1. Install the CLI with embedding support

cargo install --path crates/cli --features candle

2. Get the sqlite-vec extension

Build or download the vec0 shared library — see the sqlite-vec install guide. Then point Skardi at it:

export SQLITE_VEC_PATH=/absolute/path/to/vec0.dylib   # or .so / .dll

# If using the pip package:
export SQLITE_VEC_PATH=$(python -c "import sqlite_vec; print(sqlite_vec.loadable_path())")

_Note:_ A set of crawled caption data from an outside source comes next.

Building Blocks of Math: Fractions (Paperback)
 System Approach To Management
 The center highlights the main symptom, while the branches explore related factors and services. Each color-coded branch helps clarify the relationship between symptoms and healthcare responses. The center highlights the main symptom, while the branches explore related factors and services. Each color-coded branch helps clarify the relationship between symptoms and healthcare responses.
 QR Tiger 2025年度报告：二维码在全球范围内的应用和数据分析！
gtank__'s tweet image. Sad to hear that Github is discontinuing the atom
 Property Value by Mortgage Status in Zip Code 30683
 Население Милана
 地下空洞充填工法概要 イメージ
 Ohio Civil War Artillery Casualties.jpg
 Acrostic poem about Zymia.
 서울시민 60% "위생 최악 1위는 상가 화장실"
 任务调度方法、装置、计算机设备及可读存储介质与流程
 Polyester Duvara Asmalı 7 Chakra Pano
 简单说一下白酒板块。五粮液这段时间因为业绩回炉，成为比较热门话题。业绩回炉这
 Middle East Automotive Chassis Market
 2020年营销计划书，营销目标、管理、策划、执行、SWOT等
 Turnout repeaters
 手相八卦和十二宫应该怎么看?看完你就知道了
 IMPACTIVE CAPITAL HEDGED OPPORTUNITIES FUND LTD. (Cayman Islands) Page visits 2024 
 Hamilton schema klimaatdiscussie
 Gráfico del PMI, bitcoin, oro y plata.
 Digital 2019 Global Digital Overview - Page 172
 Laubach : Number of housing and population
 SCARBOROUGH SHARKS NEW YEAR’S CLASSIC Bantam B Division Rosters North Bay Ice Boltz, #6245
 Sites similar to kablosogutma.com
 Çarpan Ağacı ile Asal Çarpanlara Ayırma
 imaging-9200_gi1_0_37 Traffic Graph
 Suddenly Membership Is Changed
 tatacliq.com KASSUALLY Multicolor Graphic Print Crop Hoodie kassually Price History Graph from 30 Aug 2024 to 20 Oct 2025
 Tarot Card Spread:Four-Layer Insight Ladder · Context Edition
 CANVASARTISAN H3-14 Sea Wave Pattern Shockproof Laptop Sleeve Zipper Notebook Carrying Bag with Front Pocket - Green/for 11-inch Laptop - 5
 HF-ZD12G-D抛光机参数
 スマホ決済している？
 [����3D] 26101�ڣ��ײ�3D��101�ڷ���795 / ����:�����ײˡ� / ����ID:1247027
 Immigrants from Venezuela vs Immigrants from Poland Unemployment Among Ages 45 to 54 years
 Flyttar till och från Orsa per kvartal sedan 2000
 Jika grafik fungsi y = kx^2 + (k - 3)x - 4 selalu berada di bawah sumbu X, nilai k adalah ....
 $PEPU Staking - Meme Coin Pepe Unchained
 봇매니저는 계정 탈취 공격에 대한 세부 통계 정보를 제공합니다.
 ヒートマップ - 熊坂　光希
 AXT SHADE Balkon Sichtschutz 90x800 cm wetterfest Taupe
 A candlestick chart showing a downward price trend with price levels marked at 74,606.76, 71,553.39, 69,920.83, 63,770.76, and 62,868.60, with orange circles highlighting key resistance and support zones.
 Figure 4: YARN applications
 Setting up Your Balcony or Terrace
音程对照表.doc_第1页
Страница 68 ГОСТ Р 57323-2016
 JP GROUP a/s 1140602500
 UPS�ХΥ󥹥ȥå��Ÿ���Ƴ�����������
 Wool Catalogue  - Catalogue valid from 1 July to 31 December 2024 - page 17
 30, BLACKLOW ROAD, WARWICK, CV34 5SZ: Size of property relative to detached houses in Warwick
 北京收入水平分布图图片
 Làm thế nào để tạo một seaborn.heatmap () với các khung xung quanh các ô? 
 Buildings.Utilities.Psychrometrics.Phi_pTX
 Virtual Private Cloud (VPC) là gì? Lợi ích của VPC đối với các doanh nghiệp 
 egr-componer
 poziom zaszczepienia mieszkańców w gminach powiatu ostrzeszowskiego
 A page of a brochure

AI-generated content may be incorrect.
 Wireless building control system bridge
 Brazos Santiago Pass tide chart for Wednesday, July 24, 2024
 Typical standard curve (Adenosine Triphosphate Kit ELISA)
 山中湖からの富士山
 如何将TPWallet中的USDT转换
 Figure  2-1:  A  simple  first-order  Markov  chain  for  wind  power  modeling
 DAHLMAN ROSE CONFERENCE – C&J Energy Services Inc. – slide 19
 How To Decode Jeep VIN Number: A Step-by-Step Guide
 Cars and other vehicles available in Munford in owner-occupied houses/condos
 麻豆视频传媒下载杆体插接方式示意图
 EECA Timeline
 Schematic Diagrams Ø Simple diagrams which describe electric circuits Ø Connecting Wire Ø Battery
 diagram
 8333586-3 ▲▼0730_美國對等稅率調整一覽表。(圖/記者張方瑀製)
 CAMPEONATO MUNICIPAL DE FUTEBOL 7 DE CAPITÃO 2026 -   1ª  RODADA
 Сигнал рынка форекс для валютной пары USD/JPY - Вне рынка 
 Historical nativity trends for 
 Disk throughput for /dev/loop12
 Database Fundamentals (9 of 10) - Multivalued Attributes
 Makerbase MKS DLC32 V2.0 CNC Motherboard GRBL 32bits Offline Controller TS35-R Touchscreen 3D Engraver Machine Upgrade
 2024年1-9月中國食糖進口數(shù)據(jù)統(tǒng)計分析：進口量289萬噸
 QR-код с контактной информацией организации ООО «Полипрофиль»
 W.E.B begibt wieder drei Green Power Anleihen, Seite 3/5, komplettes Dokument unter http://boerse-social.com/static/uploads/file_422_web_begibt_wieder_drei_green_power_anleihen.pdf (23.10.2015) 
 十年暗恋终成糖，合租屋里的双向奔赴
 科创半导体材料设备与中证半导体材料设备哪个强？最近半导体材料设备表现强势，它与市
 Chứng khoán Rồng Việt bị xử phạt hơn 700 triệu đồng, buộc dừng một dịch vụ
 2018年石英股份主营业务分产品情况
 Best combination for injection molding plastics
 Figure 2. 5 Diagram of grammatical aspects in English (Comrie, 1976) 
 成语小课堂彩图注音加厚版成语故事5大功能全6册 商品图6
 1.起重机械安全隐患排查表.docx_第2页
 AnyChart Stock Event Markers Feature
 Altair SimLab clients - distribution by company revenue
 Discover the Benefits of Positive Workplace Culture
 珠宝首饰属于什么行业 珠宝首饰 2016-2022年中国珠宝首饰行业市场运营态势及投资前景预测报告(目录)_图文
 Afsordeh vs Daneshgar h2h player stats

3. Download the embedding model

pip install huggingface_hub
python -c "
from huggingface_hub import hf_hub_download
import os
model_dir = 'models/generated/bge-small-en-v1.5'
os.makedirs(model_dir, exist_ok=True)
for f in ['model.safetensors', 'config.json', 'tokenizer.json']:
hf_hub_download('BAAI/bge-small-en-v1.5', f, local_dir=model_dir)
"

4. Create the database

pip install sqlite-vec
python demo/rag/setup.py

The script loads the sqlite-vec extension via the sqlite_vec Python package (sidestepping the sqlite3 CLI's missing enable_load_extension on many systems), drops any prior demo/rag/rag.db, and creates the documents base table, the documents_fts FTS5 mirror, the documents_vec vec0 mirror, and the AFTER INSERT trigger that fans new rows out to both mirrors atomically. See setup.py for the schema.

5. Context file

One source in catalog mode auto-discovers every table in the database, loads the sqlite-vec extension once on the shared connection pool, and registers each table under <catalog>.main.<table> for both SQL and sqlite_knn / sqlite_fts lookups. Save as demo/rag/cli-ctx.yaml:

data_sources:
- name: rag
type: sqlite
path: demo/rag/rag.db
access_mode: read_write
hierarchy_level: catalog
options:
extensions_env: SQLITE_VEC_PATH

6. Ingest — one statement, embedding computed inline

skardi query --ctx demo/rag/cli-ctx.yaml --sql "
INSERT INTO rag.main.documents (id, content, embedding)
SELECT id, content,
vec_to_binary(candle('models/generated/bge-small-en-v1.5', content))
FROM (
SELECT 1 AS id, 'Vector databases store high-dimensional vectors and enable fast similarity search at scale.' AS content
UNION ALL
SELECT 2, 'Retrieval-Augmented Generation combines retrieval with a language model to ground responses in factual content.'
UNION ALL
SELECT 3, 'The Transformer architecture introduced multi-head self-attention to replace recurrent networks.'
) AS t
"

Why UNION ALL of SELECTs instead of VALUES? DataFusion's INSERT planner currently propagates the INSERT target schema (here, 3 columns) down into any immediate-child VALUES clause and validates row width against it, ignoring the intermediate SELECT projection that adds vec_to_binary(candle(...)). Wrapping the seed rows as SELECT … UNION ALL SELECT … keeps the subquery's own schema in scope and the projection lands the row at full width.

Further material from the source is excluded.